Received-SPF: pass (google.com: domain of linux-kernel-owner@vger.kernel.org designates 23.128.96.18 as permitted sender) client-ip=23.128.96.18;
From:   Johannes Weiner <hannes@cmpxchg.org>
To:     linux-mm@kvack.org
Cc:     Rik van Riel <riel@surriel.com>,
        Minchan Kim <minchan.kim@gmail.com>,
        Michal Hocko <mhocko@suse.com>,
        Andrew Morton <akpm@linux-foundation.org>,
        Joonsoo Kim <iamjoonsoo.kim@lge.com>,
        linux-kernel@vger.kernel.org, kernel-team@fb.com
Subject: [PATCH 00/14] mm: balance LRU lists based on relative thrashing v2
Date:   Wed, 20 May 2020 19:25:11 -0400
Message-Id: <20200520232525.798933-1-hannes@cmpxchg.org>
MIME-Version: 1.0
Content-Transfer-Encoding: 8bit
Sender: linux-kernel-owner@vger.kernel.org
Precedence: bulk

The reclaim code that balances between swapping and cache reclaim
tries to predict likely reuse based on in-memory reference patterns
alone. This works in many cases, but when it fails it cannot detect
when the cache is thrashing pathologically, or when we're in the
middle of a swap storm.

The high seek cost of rotational drives under which the algorithm
evolved also meant that mistakes could quickly result in lockups from
too aggressive swapping (which is predominantly random IO). As a
result, the balancing code has been tuned over time to a point where
it mostly goes for page cache and defers swapping until the VM is
under significant memory pressure.

The resulting strategy doesn't make optimal caching decisions - where
optimal is the least amount of IO required to execute the workload.
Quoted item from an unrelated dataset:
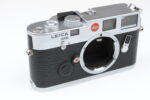 Leica M6 chrome 10414 Kamera Camera non TTL Leitz 98674 – Bild 5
The proliferation of fast random IO devices such as SSDs, in-memory
compression such as zswap, and persistent memory technologies on the
horizon, has made this undesirable behavior very noticable: Even in
the presence of large amounts of cold anonymous memory and a capable
swap device, the VM refuses to even seriously scan these pages, and
can leave the page cache thrashing needlessly.

This series sets out to address this. Since commit ("a528910e12ec mm:
thrash detection-based file cache sizing") we have exact tracking of
refault IO - the ultimate cost of reclaiming the wrong pages. This
allows us to use an IO cost based balancing model that is more
aggressive about scanning anonymous memory when the cache is
thrashing, while being able to avoid unnecessary swap storms.

These patches base the LRU balance on the rate of refaults on each
list, times the relative IO cost between swap device and filesystem
(swappiness), in order to optimize reclaim for least IO cost incurred.

	History

I floated these changes in 2016. At the time they were incomplete and
full of workarounds due to a lack of infrastructure in the reclaim
code: We didn't have PageWorkingset, we didn't have hierarchical
cgroup statistics, and problems with the cgroup swap controller. As
swapping wasn't too high a priority then, the patches stalled out.
With all dependencies in place now, here we are again with much
cleaner, feature-complete patches.

I kept the acks for patches that stayed materially the same :-)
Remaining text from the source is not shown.